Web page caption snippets
------------

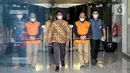 Kepala KPP Pratama Bantaeng Wawan Ridwan (tengah) usai menjalani pemeriksaan di Gedung KPK, Kamis (11/11/2021). Wawan menjadi tersangka terkait pengembangan perkara dugaan korupsi perpajakan dengan terdakwa mantan pejabat Dirjen Pajak Kemenkeu Angin Prayitno Aji. (Liputan6.com/Faizal Fanani)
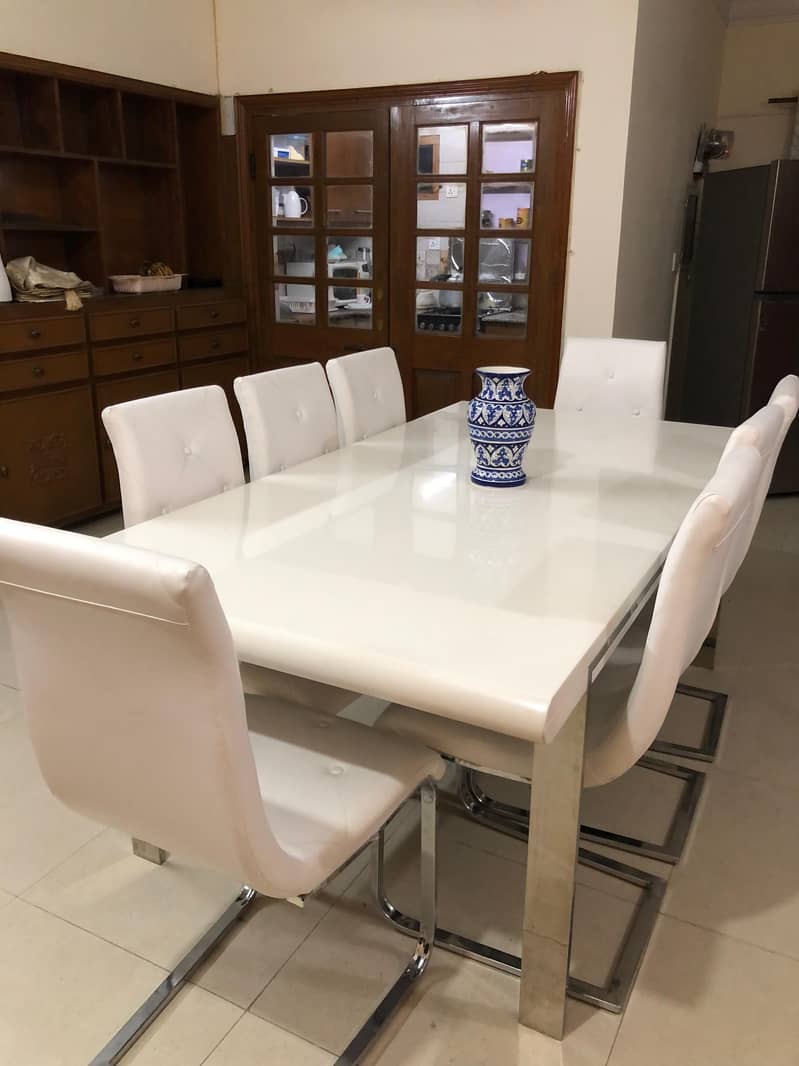 Dining table 10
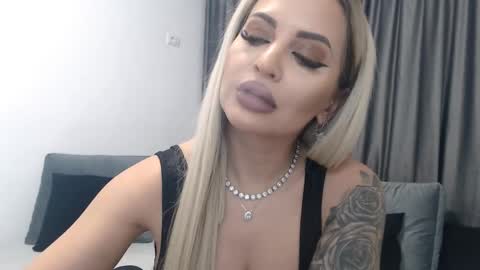 Snapshot of lovelyblondyxxx chatting on 03-11-25, 10:42 PrAllinXXXa online show from 03-11-25, 10:42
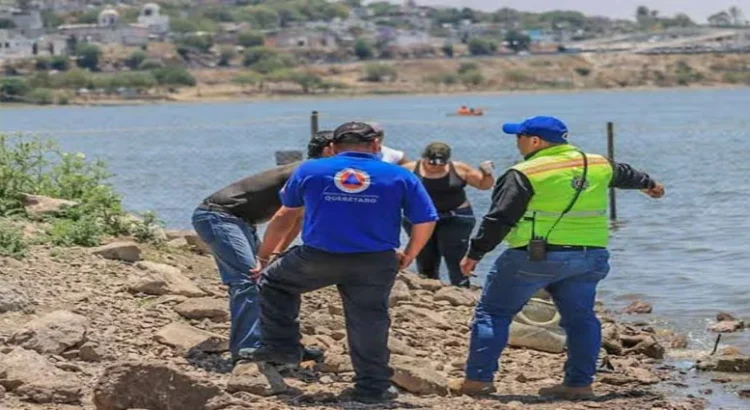 Menor arrastrado por caudal es buscado en Michoacán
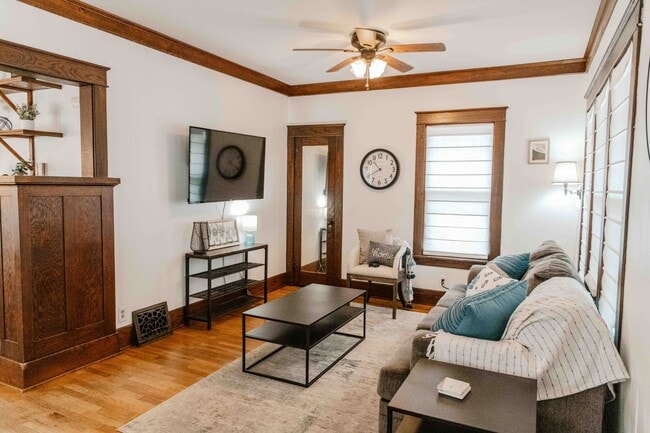Building Photo - Charming 3 Bedroom Home with Hardwood Floo...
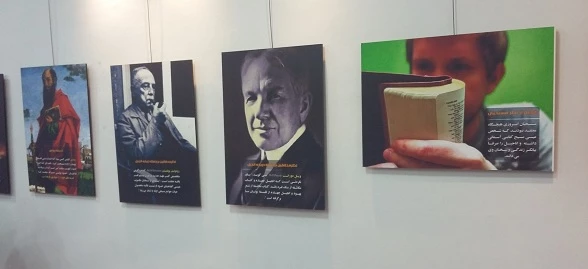 بازدید جمعی از اساتید دانشگاه فرهنگیان گیلان از نمایشگاه "خط نفوذ"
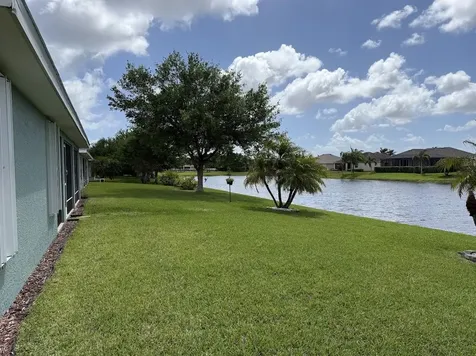 515 S Valencia Circle Circle SW Vero Beach FL 32968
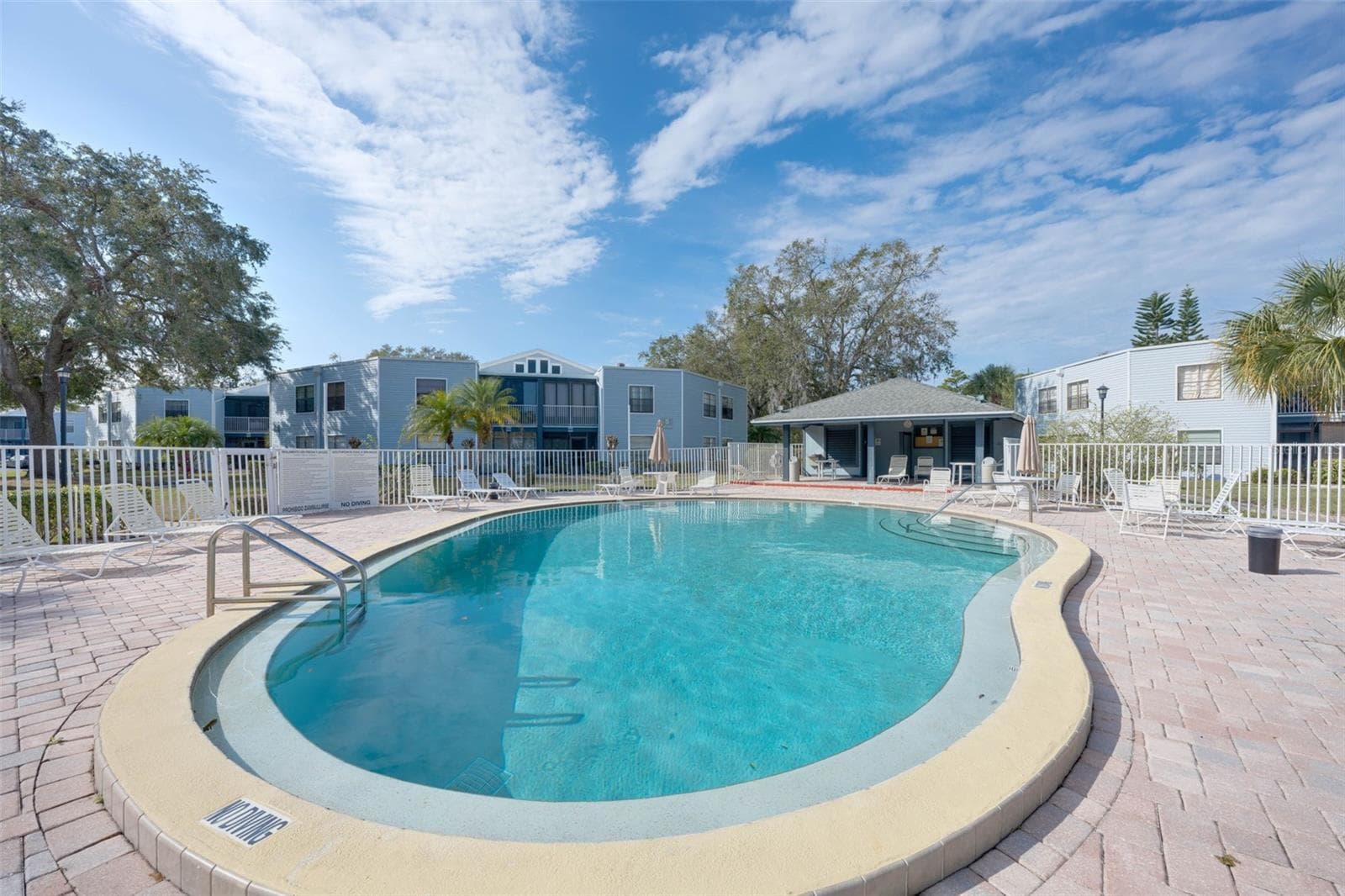 Community pool - 3561 VENTURA CLUB CIR, ORLANDO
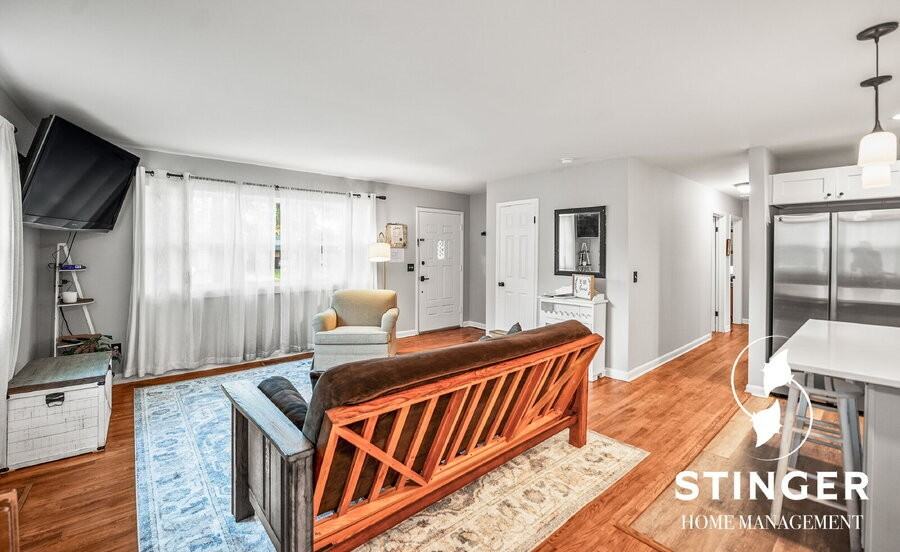 907 Belleview Cir W - Photo 6 of 33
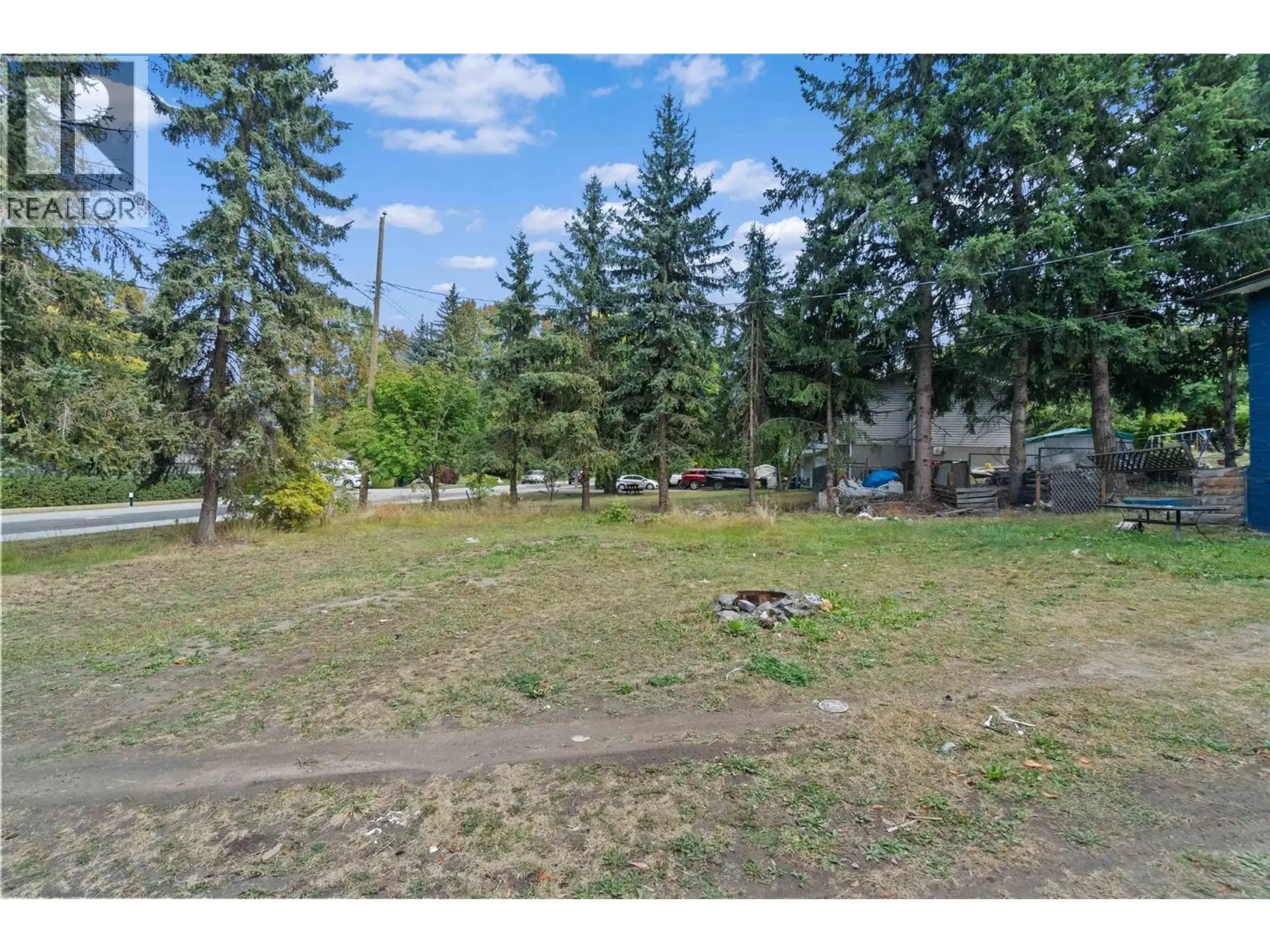 Property at 2030 1 AVENUE NE, Salmon Arm, BC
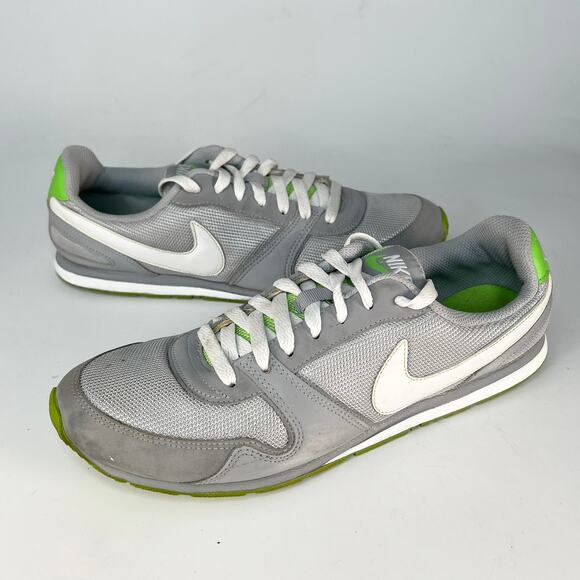 Nike Eclipse II Running Sneakers Shoes Grey Green Women 10 - Picture 1 of 12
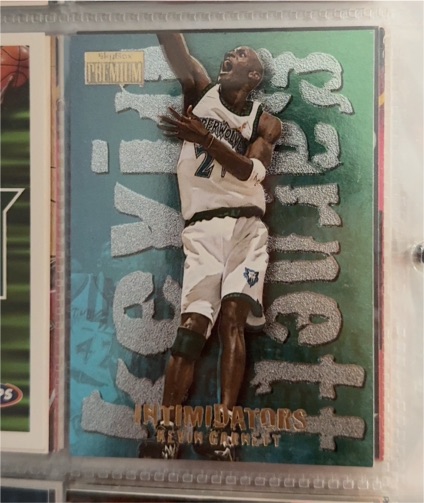1996-97 SkyBox Premium #8 Kevin Garnett Intimidators — front
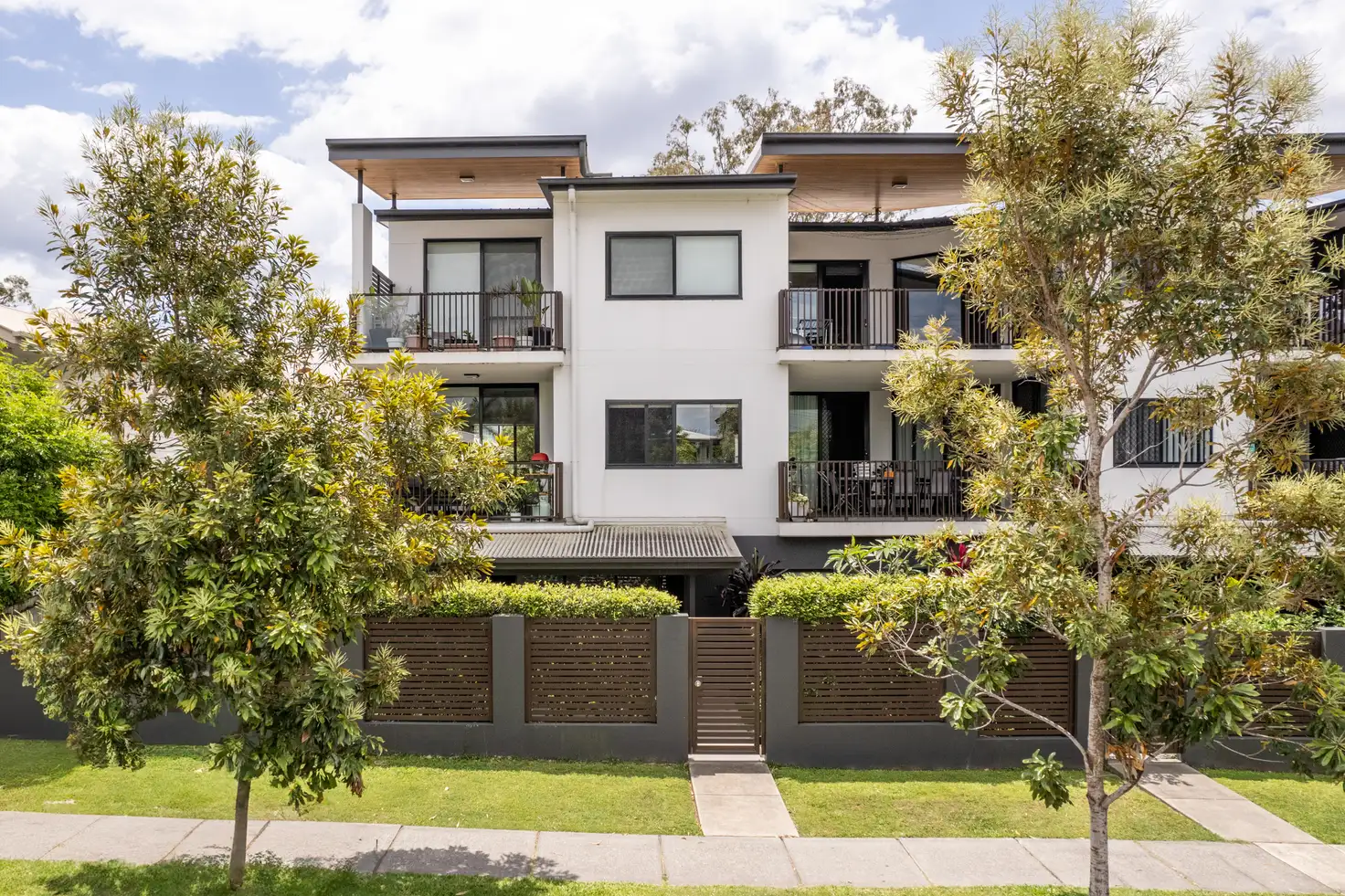 Main view of Homely unit listing, 3/21 Yeronga Street, Yeronga QLD 4104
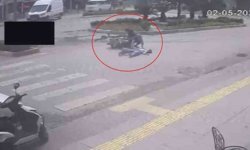 Yaya geçidini kullanan bisiklete motosiklet çarptı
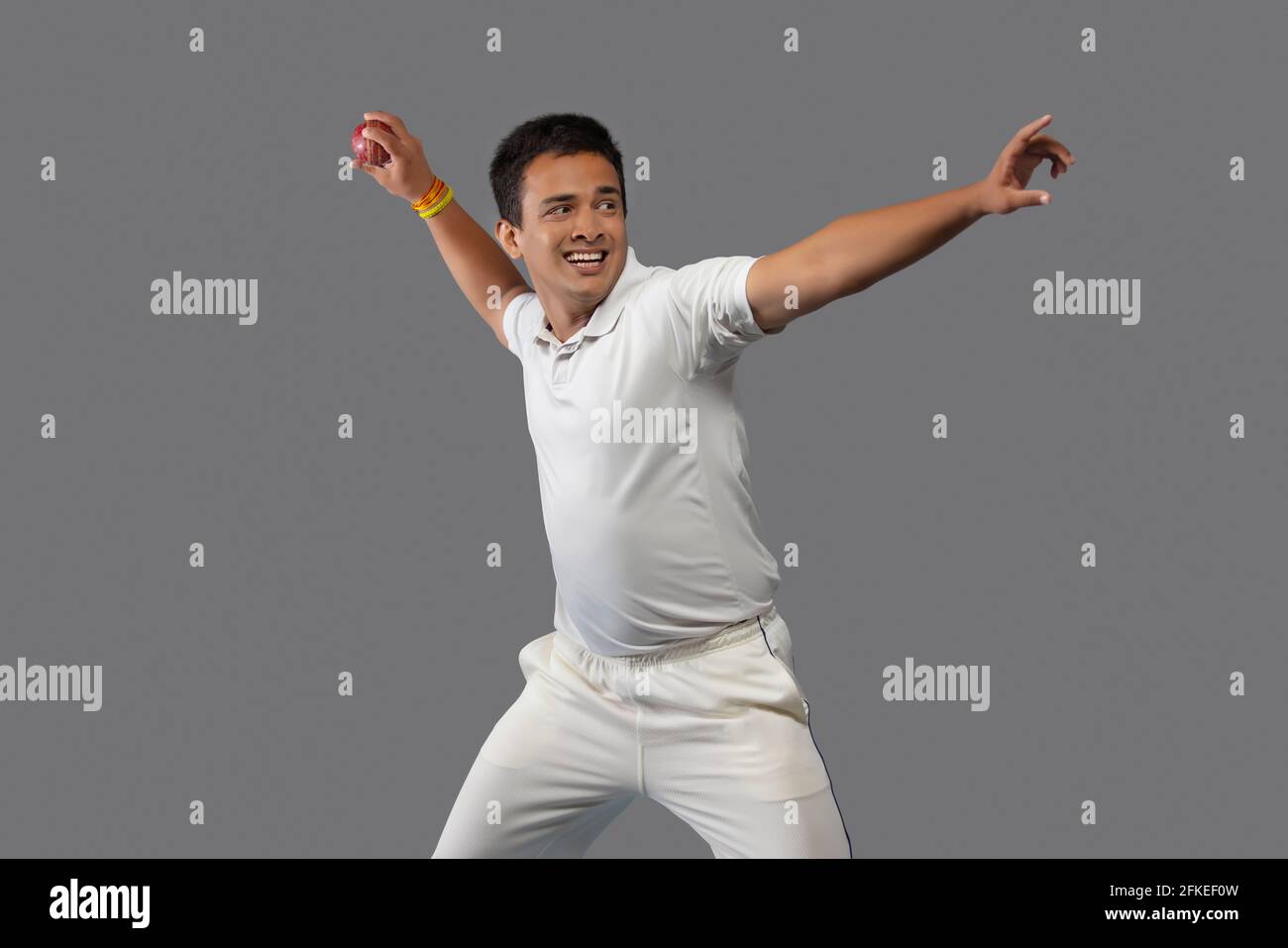 Cricketer, fielder throwing a ball Stock Photo Alamy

------------

Task to complete: Reproduce the lines above letter for letter. The pictures stay behind.

Solution to the problem:
 Kepala KPP Pratama Bantaeng Wawan Ridwan (tengah) usai menjalani pemeriksaan di Gedung KPK, Kamis (11/11/2021). Wawan menjadi tersangka terkait pengembangan perkara dugaan korupsi perpajakan dengan terdakwa mantan pejabat Dirjen Pajak Kemenkeu Angin Prayitno Aji. (Liputan6.com/Faizal Fanani)
 Dining table 10
 Snapshot of lovelyblondyxxx chatting on 03-11-25, 10:42 PrAllinXXXa online show from 03-11-25, 10:42
 Menor arrastrado por caudal es buscado en Michoacán
Building Photo - Charming 3 Bedroom Home with Hardwood Floo...
 بازدید جمعی از اساتید دانشگاه فرهنگیان گیلان از نمایشگاه "خط نفوذ"
 515 S Valencia Circle Circle SW Vero Beach FL 32968
 Community pool - 3561 VENTURA CLUB CIR, ORLANDO
 907 Belleview Cir W - Photo 6 of 33
 Property at 2030 1 AVENUE NE, Salmon Arm, BC
 Nike Eclipse II Running Sneakers Shoes Grey Green Women 10 - Picture 1 of 12
1996-97 SkyBox Premium #8 Kevin Garnett Intimidators — front
 Main view of Homely unit listing, 3/21 Yeronga Street, Yeronga QLD 4104
 Yaya geçidini kullanan bisiklete motosiklet çarptı
 Cricketer, fielder throwing a ball Stock Photo Alamy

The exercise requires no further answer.